◆ **SUPPLIED MATERIAL**
- - - -

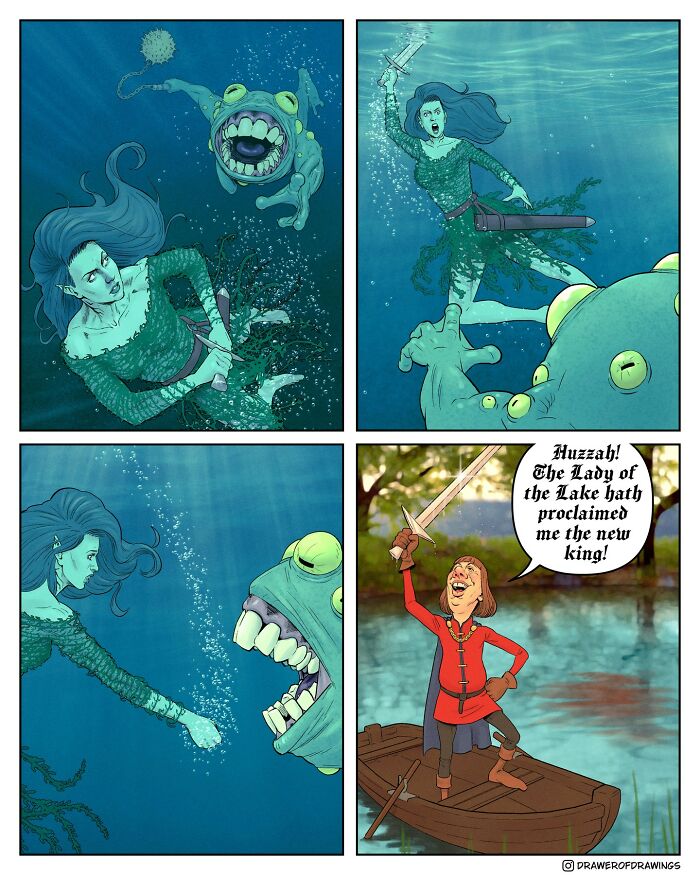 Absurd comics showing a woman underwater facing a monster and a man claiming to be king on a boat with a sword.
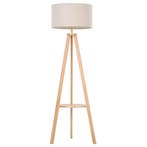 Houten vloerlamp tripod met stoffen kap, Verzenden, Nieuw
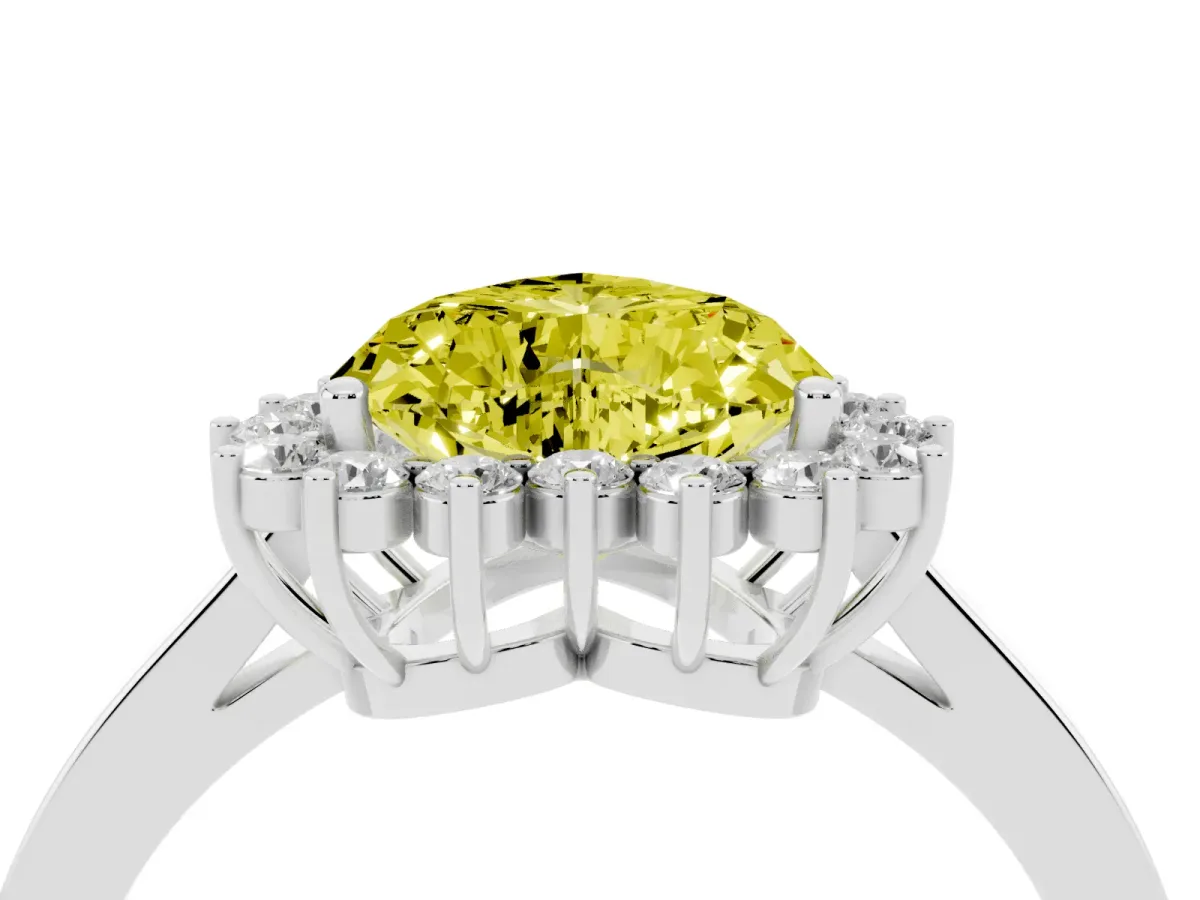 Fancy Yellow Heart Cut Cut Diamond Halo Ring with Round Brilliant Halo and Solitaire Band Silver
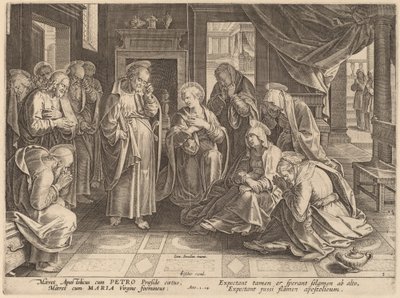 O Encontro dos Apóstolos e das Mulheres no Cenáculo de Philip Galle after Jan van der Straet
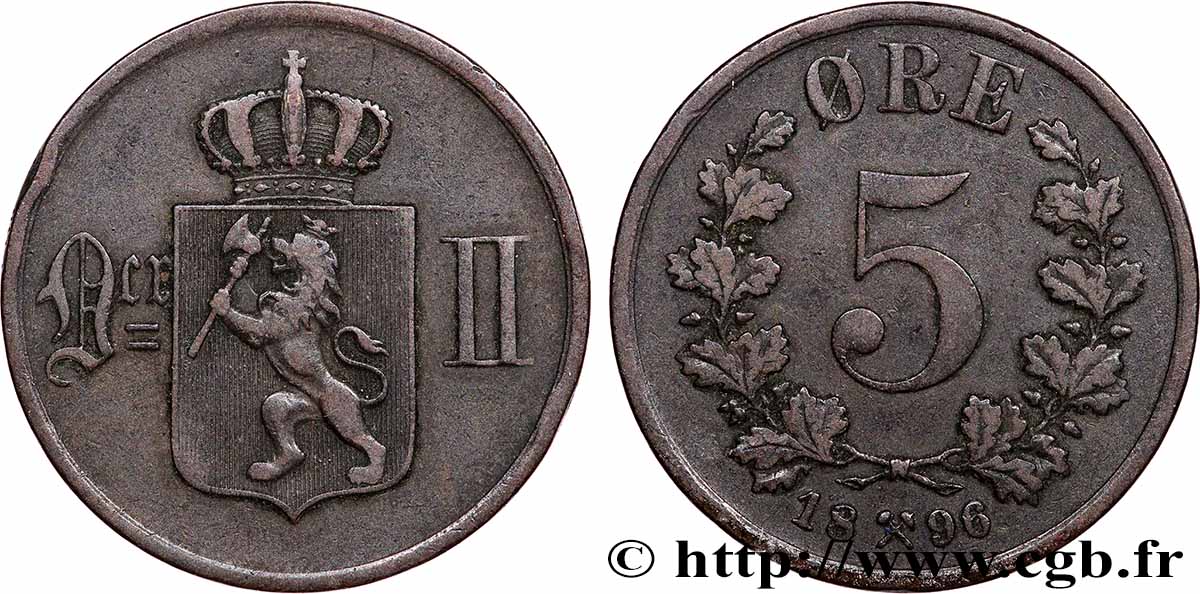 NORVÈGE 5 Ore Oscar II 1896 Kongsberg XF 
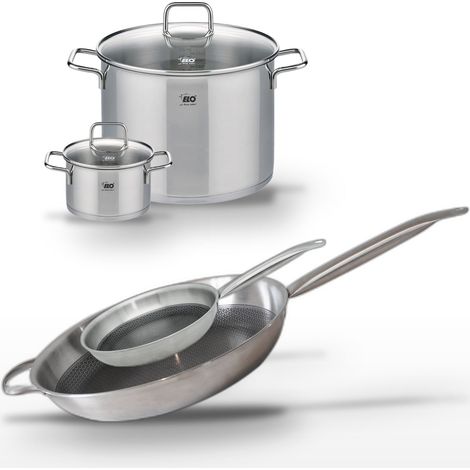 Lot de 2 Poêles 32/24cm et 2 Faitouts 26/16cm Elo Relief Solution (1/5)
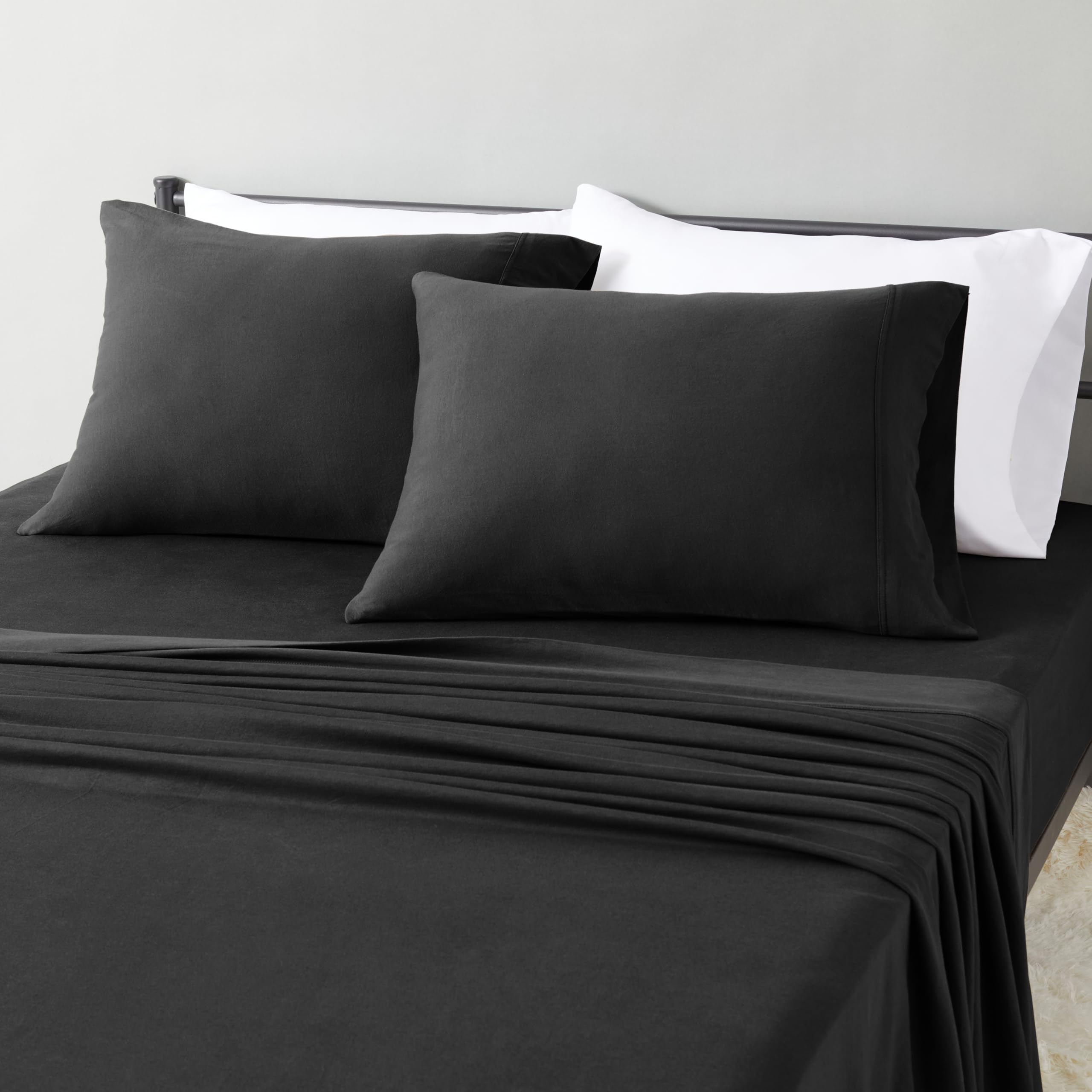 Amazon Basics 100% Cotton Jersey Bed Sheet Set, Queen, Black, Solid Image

- - - -

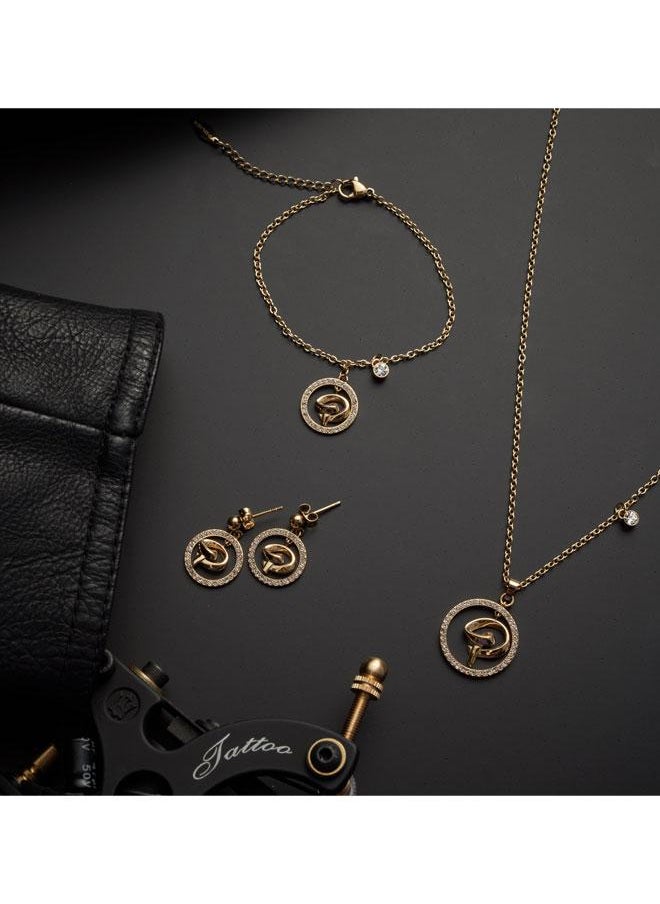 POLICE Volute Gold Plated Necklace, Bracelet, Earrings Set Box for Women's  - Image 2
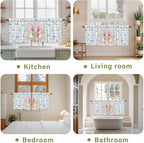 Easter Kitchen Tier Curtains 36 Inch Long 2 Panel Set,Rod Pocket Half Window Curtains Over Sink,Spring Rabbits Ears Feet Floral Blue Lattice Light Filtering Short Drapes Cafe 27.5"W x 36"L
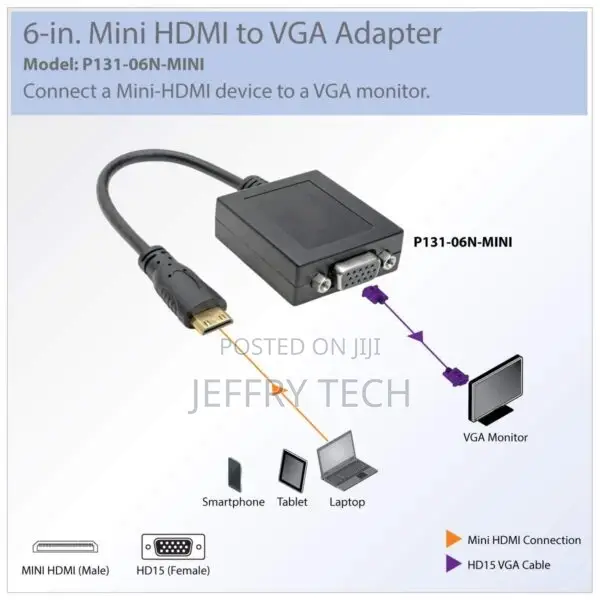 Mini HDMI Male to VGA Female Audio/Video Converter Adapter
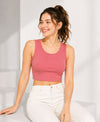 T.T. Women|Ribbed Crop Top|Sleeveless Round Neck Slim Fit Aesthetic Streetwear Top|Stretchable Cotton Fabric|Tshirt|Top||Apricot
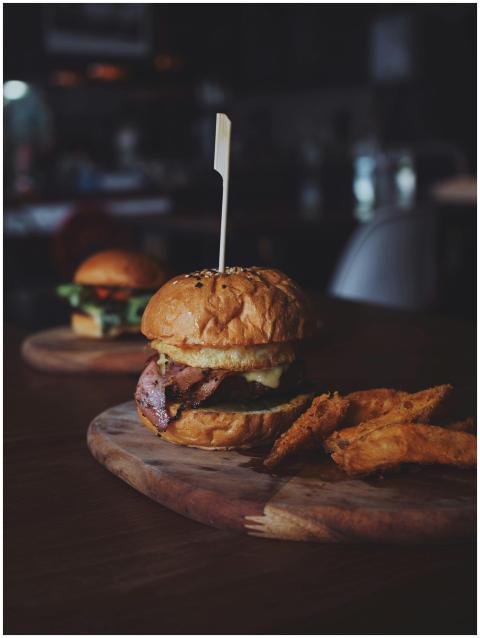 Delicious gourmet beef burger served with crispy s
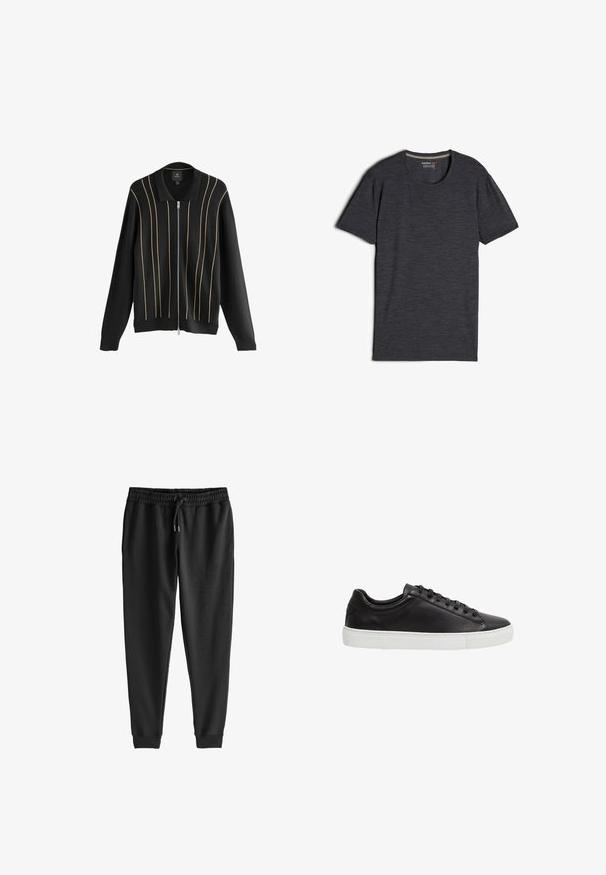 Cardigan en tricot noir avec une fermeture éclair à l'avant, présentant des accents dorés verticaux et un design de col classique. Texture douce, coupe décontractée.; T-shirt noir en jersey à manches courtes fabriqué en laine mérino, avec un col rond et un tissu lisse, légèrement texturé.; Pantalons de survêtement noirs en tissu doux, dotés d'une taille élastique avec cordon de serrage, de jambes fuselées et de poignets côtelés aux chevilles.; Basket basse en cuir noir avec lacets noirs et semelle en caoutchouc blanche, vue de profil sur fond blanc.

- - - -

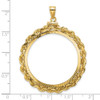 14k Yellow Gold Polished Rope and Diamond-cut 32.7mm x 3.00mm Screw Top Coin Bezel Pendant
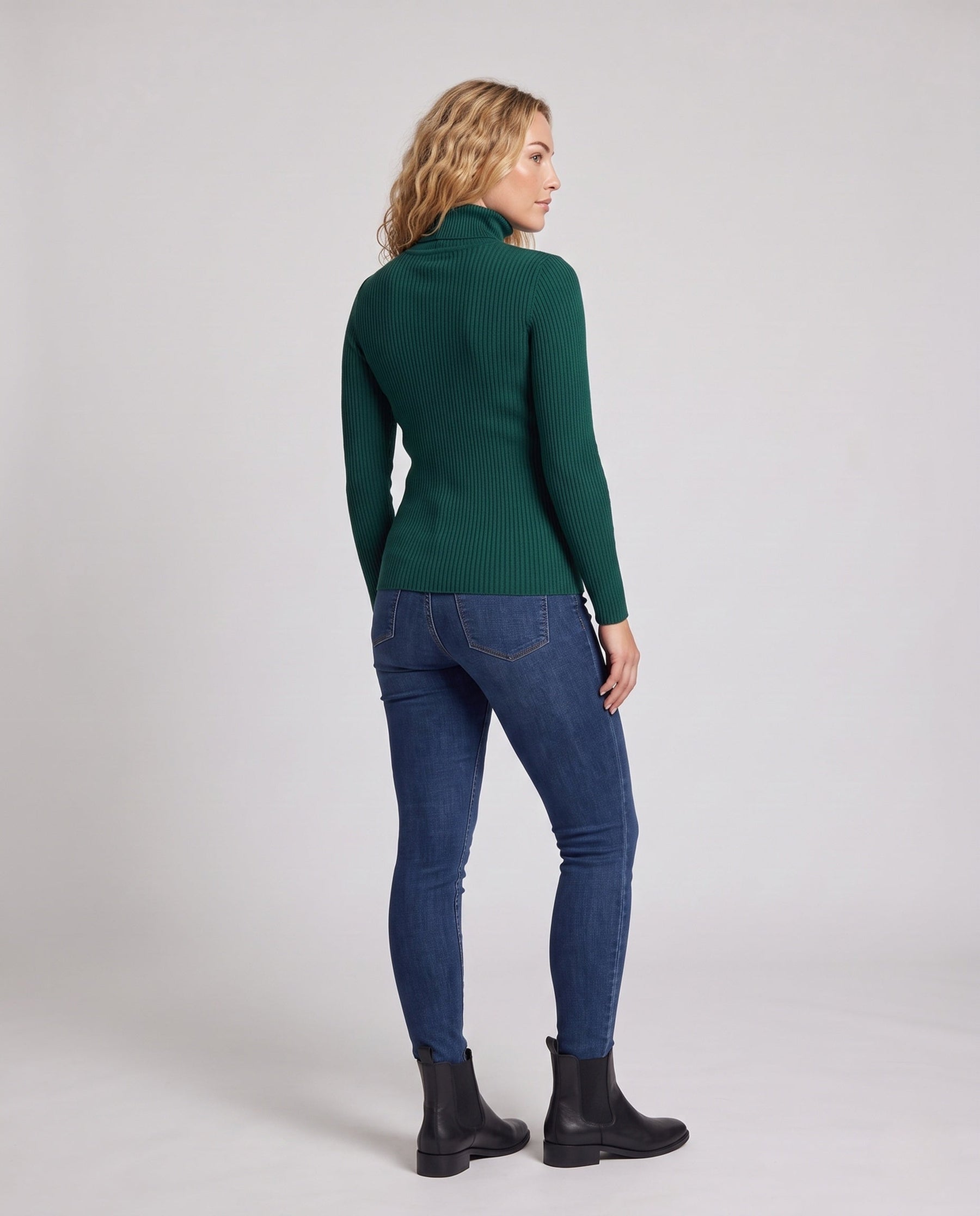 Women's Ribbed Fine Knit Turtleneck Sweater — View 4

- - - -

◆ **THE PROBLEM**
In the listing above, find the line containing "POLICE Volute Gold" and the line containing "Cardigan en tricot". Print those two lines and every line between them exactly, with no pictures.

◆ **FINAL ANSWER**
 POLICE Volute Gold Plated Necklace, Bracelet, Earrings Set Box for Women's  - Image 2
 Easter Kitchen Tier Curtains 36 Inch Long 2 Panel Set,Rod Pocket Half Window Curtains Over Sink,Spring Rabbits Ears Feet Floral Blue Lattice Light Filtering Short Drapes Cafe 27.5"W x 36"L
 Mini HDMI Male to VGA Female Audio/Video Converter Adapter
 T.T. Women|Ribbed Crop Top|Sleeveless Round Neck Slim Fit Aesthetic Streetwear Top|Stretchable Cotton Fabric|Tshirt|Top||Apricot
 Delicious gourmet beef burger served with crispy s
 Cardigan en tricot noir avec une fermeture éclair à l'avant, présentant des accents dorés verticaux et un design de col classique. Texture douce, coupe décontractée.; T-shirt noir en jersey à manches courtes fabriqué en laine mérino, avec un col rond et un tissu lisse, légèrement texturé.; Pantalons de survêtement noirs en tissu doux, dotés d'une taille élastique avec cordon de serrage, de jambes fuselées et de poignets côtelés aux chevilles.; Basket basse en cuir noir avec lacets noirs et semelle en caoutchouc blanche, vue de profil sur fond blanc.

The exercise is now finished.